All the data should be transcribed exactly, with every line kept.

-- MATERIAL FOR THIS TASK follows --

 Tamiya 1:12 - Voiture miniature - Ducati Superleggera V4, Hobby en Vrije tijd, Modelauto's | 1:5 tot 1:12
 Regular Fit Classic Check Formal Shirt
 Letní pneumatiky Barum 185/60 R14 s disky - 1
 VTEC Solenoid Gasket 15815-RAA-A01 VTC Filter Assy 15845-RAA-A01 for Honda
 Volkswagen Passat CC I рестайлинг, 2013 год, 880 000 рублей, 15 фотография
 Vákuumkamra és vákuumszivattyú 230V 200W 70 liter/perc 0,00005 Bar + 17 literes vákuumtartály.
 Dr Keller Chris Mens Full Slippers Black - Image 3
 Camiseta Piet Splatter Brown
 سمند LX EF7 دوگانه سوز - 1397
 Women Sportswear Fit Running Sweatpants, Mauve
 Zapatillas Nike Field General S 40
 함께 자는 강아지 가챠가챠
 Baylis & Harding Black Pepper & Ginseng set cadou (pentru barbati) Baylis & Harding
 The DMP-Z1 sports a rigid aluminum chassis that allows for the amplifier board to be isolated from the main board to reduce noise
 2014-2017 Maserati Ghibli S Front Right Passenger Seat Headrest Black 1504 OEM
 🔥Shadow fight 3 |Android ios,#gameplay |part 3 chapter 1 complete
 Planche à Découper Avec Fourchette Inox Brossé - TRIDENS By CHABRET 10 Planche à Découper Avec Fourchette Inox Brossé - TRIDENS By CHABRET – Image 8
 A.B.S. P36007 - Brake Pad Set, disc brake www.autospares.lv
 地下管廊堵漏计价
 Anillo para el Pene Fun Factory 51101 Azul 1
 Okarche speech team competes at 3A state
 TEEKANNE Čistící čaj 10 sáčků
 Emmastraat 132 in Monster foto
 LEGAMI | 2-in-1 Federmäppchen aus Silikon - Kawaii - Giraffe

-- MATERIAL FOR THIS TASK concluded --

• SOLUTION TO THE PROBLEM
 Tamiya 1:12 - Voiture miniature - Ducati Superleggera V4, Hobby en Vrije tijd, Modelauto's | 1:5 tot 1:12
 Regular Fit Classic Check Formal Shirt
 Letní pneumatiky Barum 185/60 R14 s disky - 1
 VTEC Solenoid Gasket 15815-RAA-A01 VTC Filter Assy 15845-RAA-A01 for Honda
 Volkswagen Passat CC I рестайлинг, 2013 год, 880 000 рублей, 15 фотография
 Vákuumkamra és vákuumszivattyú 230V 200W 70 liter/perc 0,00005 Bar + 17 literes vákuumtartály.
 Dr Keller Chris Mens Full Slippers Black - Image 3
 Camiseta Piet Splatter Brown
 سمند LX EF7 دوگانه سوز - 1397
 Women Sportswear Fit Running Sweatpants, Mauve
 Zapatillas Nike Field General S 40
 함께 자는 강아지 가챠가챠
 Baylis & Harding Black Pepper & Ginseng set cadou (pentru barbati) Baylis & Harding
 The DMP-Z1 sports a rigid aluminum chassis that allows for the amplifier board to be isolated from the main board to reduce noise
 2014-2017 Maserati Ghibli S Front Right Passenger Seat Headrest Black 1504 OEM
 🔥Shadow fight 3 |Android ios,#gameplay |part 3 chapter 1 complete
 Planche à Découper Avec Fourchette Inox Brossé - TRIDENS By CHABRET 10 Planche à Découper Avec Fourchette Inox Brossé - TRIDENS By CHABRET – Image 8
 A.B.S. P36007 - Brake Pad Set, disc brake www.autospares.lv
 地下管廊堵漏计价
 Anillo para el Pene Fun Factory 51101 Azul 1
 Okarche speech team competes at 3A state
 TEEKANNE Čistící čaj 10 sáčků
 Emmastraat 132 in Monster foto
 LEGAMI | 2-in-1 Federmäppchen aus Silikon - Kawaii - Giraffe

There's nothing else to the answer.